Fig. A.1. Principles of feedback-based iterative wavefront optimization algorithms SSA, CSA and PA. (a) Principle of SSA, which sequentially optimizes and records the phase of each segment, and finally updates the optimized phases of all segments on the spatial light modulator. (b) Principle of CSA, which is the same as SSA except for that the modulator refreshed immediately after the phase of each segment is optimized. (c) Principle of PA, which randomly selects and optimizes the phases of a half of all segments and updates the spatial light modulator in each iteration. Light green indicates segments to be optimized, and dark green indicates segments which have been optimized.
Two other classic algorithms, CSA and PA, respectively, are demonstrated in Figs. A.1(b) and A.1(c).
Similar to SSA, CSA also requires traversing all the segments. The major difference between these two methods is that the phase of each segment is directly refreshed by its optimal value after each iteration in the CSA algorithm. As a result, even if the dynamic characteristics of the sample change, CSA is able to track accordingly.

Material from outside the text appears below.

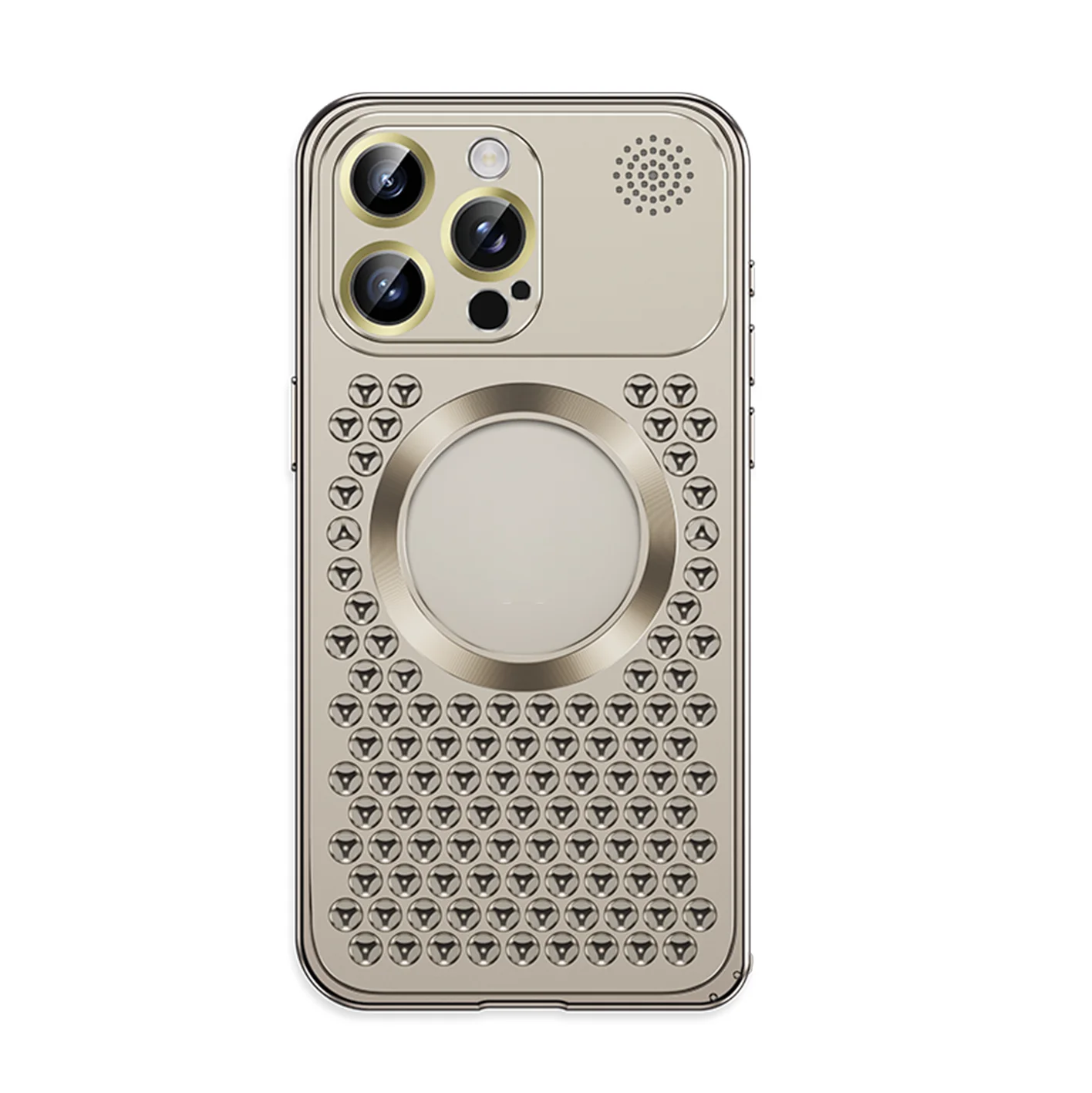 iPhone 16 Aluminum Case with Cooling Vents & Aromatherapy Diffuser thumbnail 5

For PA, it is not necessary to obtain prior information about the stability of sample. The idea of PA is as follows: in each iteration, all segments are randomly divided into two groups (each group containing half segments) and the phases of segments in one group are simultaneously changed. As a result, the intensity of detected signal increases rapidly, especially after initial iteration. Besides, this algorithm is expected to be more robust to noise and can be quickly recovered from disturbances.75
Appendix B
PBR is a quantitative index of the focus contrast. The higher the PBR, the better the focus contrast. Besides, it has been proved that PBR is proportional to N/M, where M and N are the numbers of optical modes in the focus and the number of controllable modes on the SLM, respectively. So theoretically a larger N divided by a smaller M will consequently increase PBR. One way to increase N is to adopt SLMs with more controllable optical modes and PBR will be increased under the same experimental conditions. A smaller M might be achieved by using a smaller size guidestar. Caution should be taken if the guidestar with a very small size is adopted. For instance, in the TRUE system shown in Fig. 2, if the ultrasonic guidestar is very small in size, the area of ultrasonic modulation inside the scatter will be sharply reduced, which will greatly decrease the number of modulated scattered photons, weaken the signal intensity of the time-reversed wavefront and decrease the SNR. This will reduce the PBR. In addition, in order to more accurately evaluate the system performance and meanwhile set a criterion for suitable comparisons among different systems, a system efficiency index was proposed and defined as the ratio of the system implemented PBR to the theoretical PBR. In practical implementations, PBR is usually calculated by the ratio between the focus average intensity and the ensemble average of the intensities of speckles when a random wavefront is applied.